An exact copy of the listing is required, with its pictures removed.

» **INFORMATION SHOWN**
=== Section Start ===

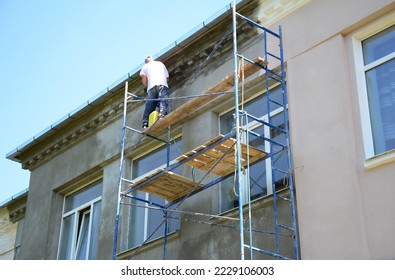 Builder contractor plastering external walls before painting outside house facade. Prepare for painting house exterior walls. - Shutterstock ID 2229106003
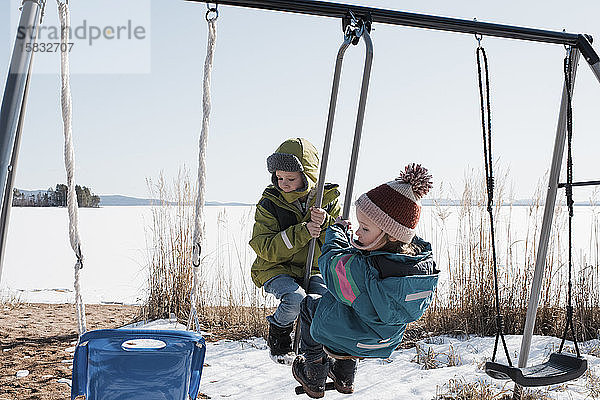 Kinder  die in Schweden gemeinsam auf einer Doppelschaukel am Meer spielen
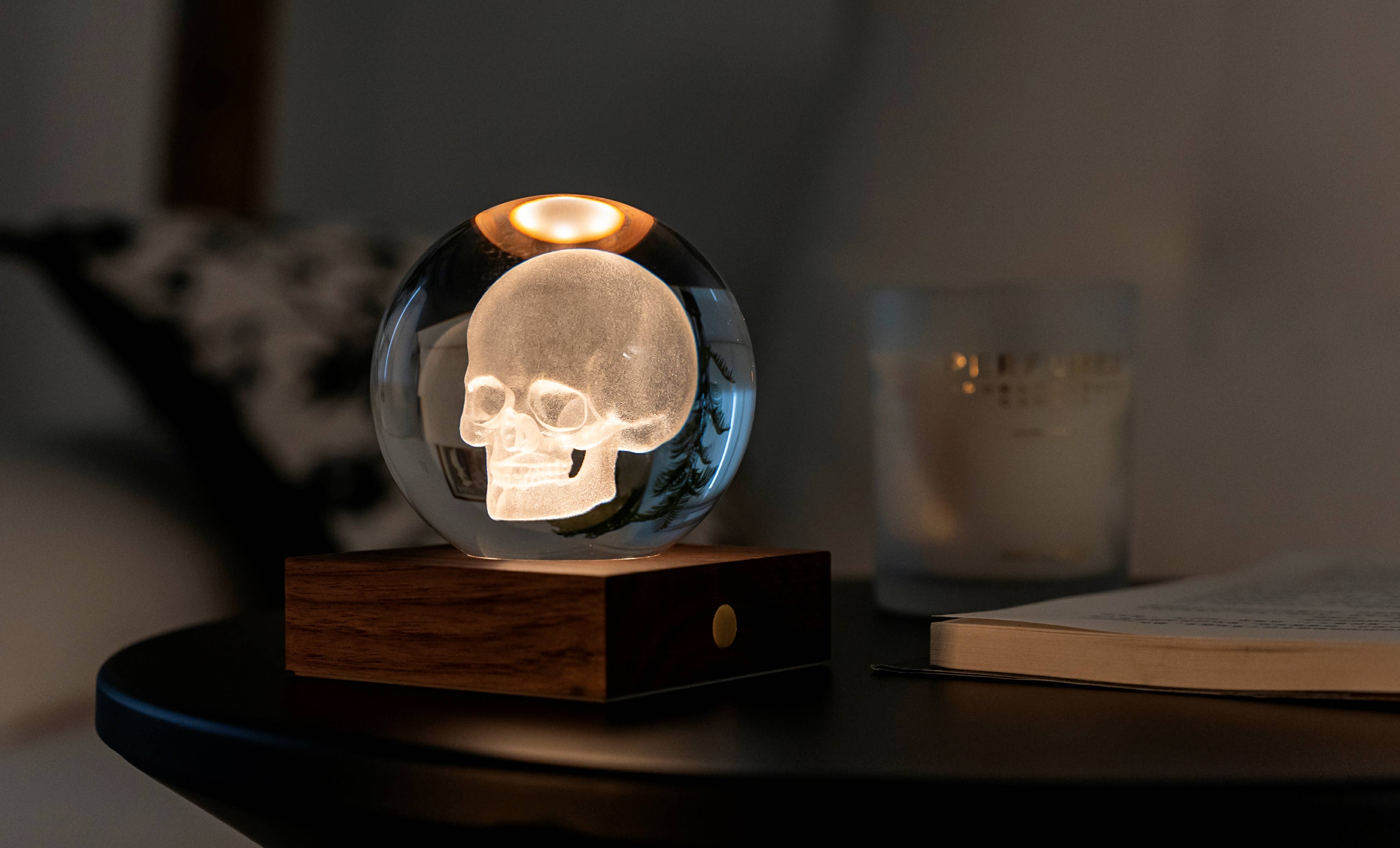 Translucent glass skull orb lamp with warm amber light on dark wood base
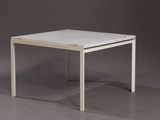 a white table with a marble top on a grey surface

=== Section End ===

» **FINISHED TASK**
 Builder contractor plastering external walls before painting outside house facade. Prepare for painting house exterior walls. - Shutterstock ID 2229106003
 Kinder  die in Schweden gemeinsam auf einer Doppelschaukel am Meer spielen
 Translucent glass skull orb lamp with warm amber light on dark wood base
 a white table with a marble top on a grey surface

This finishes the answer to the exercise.